__PROBLEM STATEMENT__. Would you please transcribe, exactly as written, the lines of the entries below starting at the one that holds "San Benedetto di" and ending at the one that holds "https://benavides-5.in-canary-islands.com", both included?

__TASK MATERIAL__.
★ ★ ★
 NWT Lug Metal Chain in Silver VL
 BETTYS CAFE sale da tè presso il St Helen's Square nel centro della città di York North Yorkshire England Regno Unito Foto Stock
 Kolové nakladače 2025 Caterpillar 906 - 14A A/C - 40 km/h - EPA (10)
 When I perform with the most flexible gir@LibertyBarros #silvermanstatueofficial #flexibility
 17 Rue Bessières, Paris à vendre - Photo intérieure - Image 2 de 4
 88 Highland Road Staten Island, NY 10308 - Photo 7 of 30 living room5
★ ★ ★
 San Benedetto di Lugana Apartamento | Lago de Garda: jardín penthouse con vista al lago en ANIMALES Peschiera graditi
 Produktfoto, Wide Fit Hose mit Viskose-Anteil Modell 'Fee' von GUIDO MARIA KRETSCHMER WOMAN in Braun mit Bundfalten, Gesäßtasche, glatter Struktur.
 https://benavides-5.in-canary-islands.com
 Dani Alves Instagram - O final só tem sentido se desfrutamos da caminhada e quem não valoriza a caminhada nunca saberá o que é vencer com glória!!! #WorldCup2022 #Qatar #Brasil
★ ★ ★
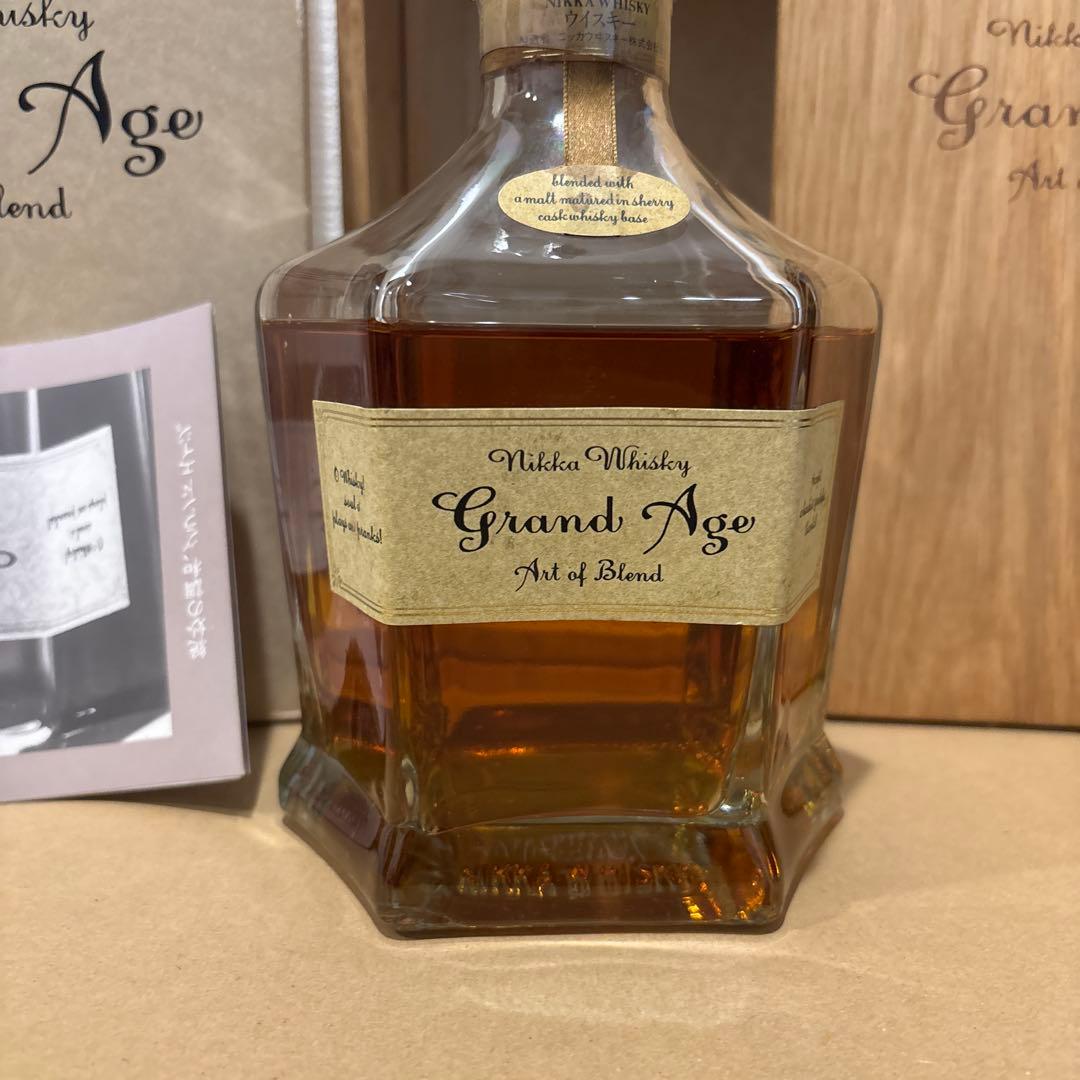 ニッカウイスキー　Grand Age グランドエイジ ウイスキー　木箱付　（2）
★ ★ ★
__YOUR SOLUTION__.
 San Benedetto di Lugana Apartamento | Lago de Garda: jardín penthouse con vista al lago en ANIMALES Peschiera graditi
 Produktfoto, Wide Fit Hose mit Viskose-Anteil Modell 'Fee' von GUIDO MARIA KRETSCHMER WOMAN in Braun mit Bundfalten, Gesäßtasche, glatter Struktur.
 https://benavides-5.in-canary-islands.com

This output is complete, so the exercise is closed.